New Delhi: BJP on Saturday termed the communal violence bill as "the most obnoxious piece of legislation in independent India", saying had it been in place, it would have resulted in punishment of the members of the majority community for Muzaffarnagar riots.
"The 2011 draft, which the National Advisory Council prepared, I have not the least doubt, is the most obnoxious peace of legislation in independent India," Arun Jaitley, the leader of opposition in Rajya Sabha, said.
"For instance, in Muzaffarnagar violence if this bill had existed and both communities had representatives who were guilty of violence, one would be prosecuted under this law, others would not," he said, terming the controversial bill divisive and discriminatory.
Congress general secretary Digvijay Singh, however, said the bill has been prepared to curb the "ideology of hate and violence".
"This is something absolutely important in a multi- religious, multi-ethnic and multi-caste society that India is," he said.
Both the leaders were speaking at a discussion "A new vision for India" at the Hindustan Times Leadership Summit.
Asked their views on the rise of Arvind Kejriwal-led Aam Aadmi Party, which exits polls have predicted would make a strong debut in Delhi assembly polls, Jaitley said it has to be seen whether it is a long lasting phenomena or not.
Jaitley had earlier dismissed AAP`s presence in the fray, saying opting for it would be a waste of vote. However, today he seemed to have reconciled to its emergence, admitting that he had no other choice on the matter but to welcome it. Whether results, which would be announced tomorrow, back up the buzz about it in elections remain to be seen, he added.

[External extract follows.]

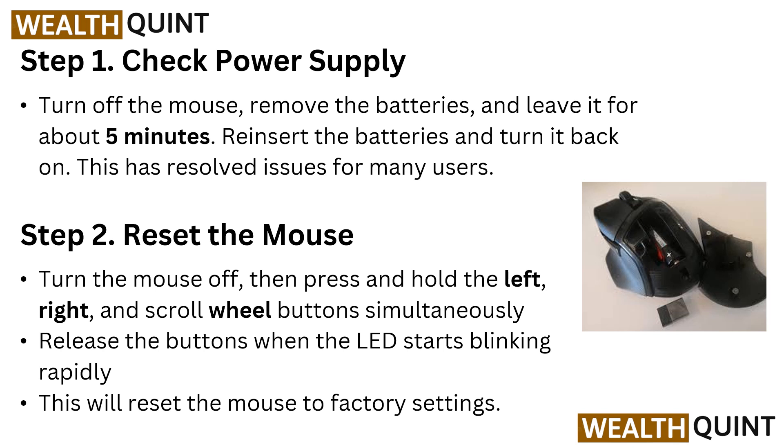Step 1: Check power supply. Turn off the mouse, remove the batteries and leave it for about 5 minutes. Reinsert the batteries and turn it back on. This has resolved issues for many users.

Singh said he would welcome all civil society members, who want powers without accountability, in politics.
Singh blamed BJP`s confrontational attitude since 2004, when it lost power, for pending bills and loss of work in Parliament.

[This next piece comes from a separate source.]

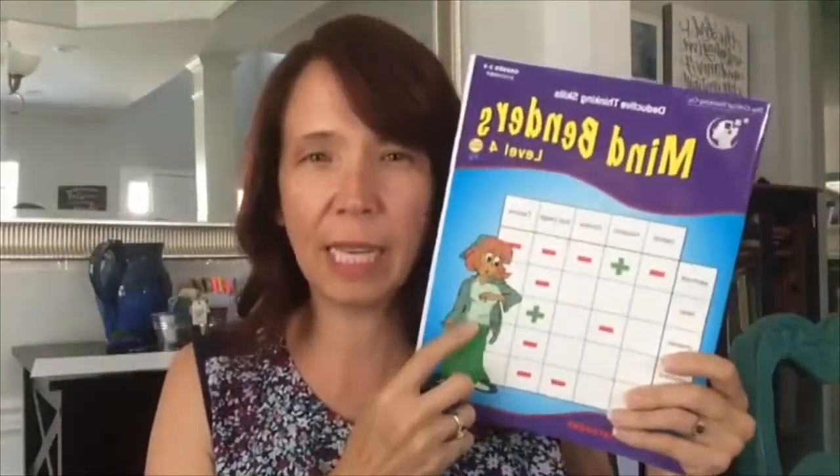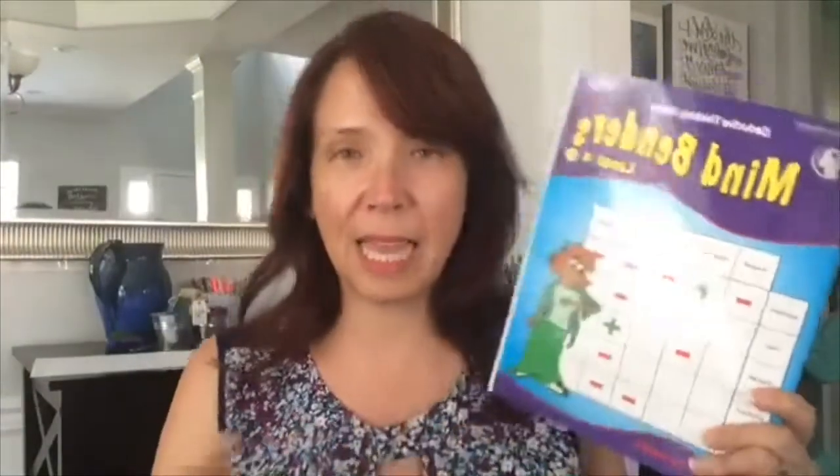The other thing we started in elementary school — and you can continue to use through high school if your kids like it — are these books. I think they're by the Critical Thinking Company. My kids like to dabble in these; it's not something I really assign. Every now and then I'll say, 'Hey, why don't you pull out your Math Benders?' They go up into high school — this one is grade three to six, and I think they have them for seventh through twelfth as well. They're just logic puzzles — thinking about process of elimination, reasoning, that kind of thing.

"Highest number of bills pending are in present Lok Sabha and on number of occasions on petty issues Parliament was not allowed to function. Prime Minister Manmohan Singh can be charged on any issue but not for confrontation. He is one man who is not a confrontationist," he said.
Jaitley said it was a myth that BJP was not allowing economic legislation to go through in Parliament. He blamed the slowdown on "executive decision-making and weak prime ministerial authority which lacked in overruling" one voice in favour of another.
"If you slow down on infrastructure it is not Parliament that comes in between. If you slow down on clearing 700 thousand crores worth of project, it is not Parliament coming in between...
"Now within the government there are difference of opinion and prime ministerial authority is lacking in certainly overruling in favour of another, the slowdown is because of that," he said.
Both leaders blamed the societal sanction for criminals as a major reason for fall in standards of politics with Singh saying that "in a democracy people get a government they deserve".
When both were quizzed about tainted former Karnataka Chief Minister B S Yeddyurappa`s likely return to BJP and Congress` tie-up in Jharkhand with Shibu Soren, accused in criminal cases, Jaitley said voters preference for such leaders left parties with little option but to rely on them.
"There is an impression, to a large extent true, that the quality of people who man politics does not measure up... We in the political parties have to improve the quality of people who represent parties in legislative and other bodies," he said.
There was no point in criticising the system from outside, he said, adding that more well-meaning people must join political parties or form their political parties and contribute to politics.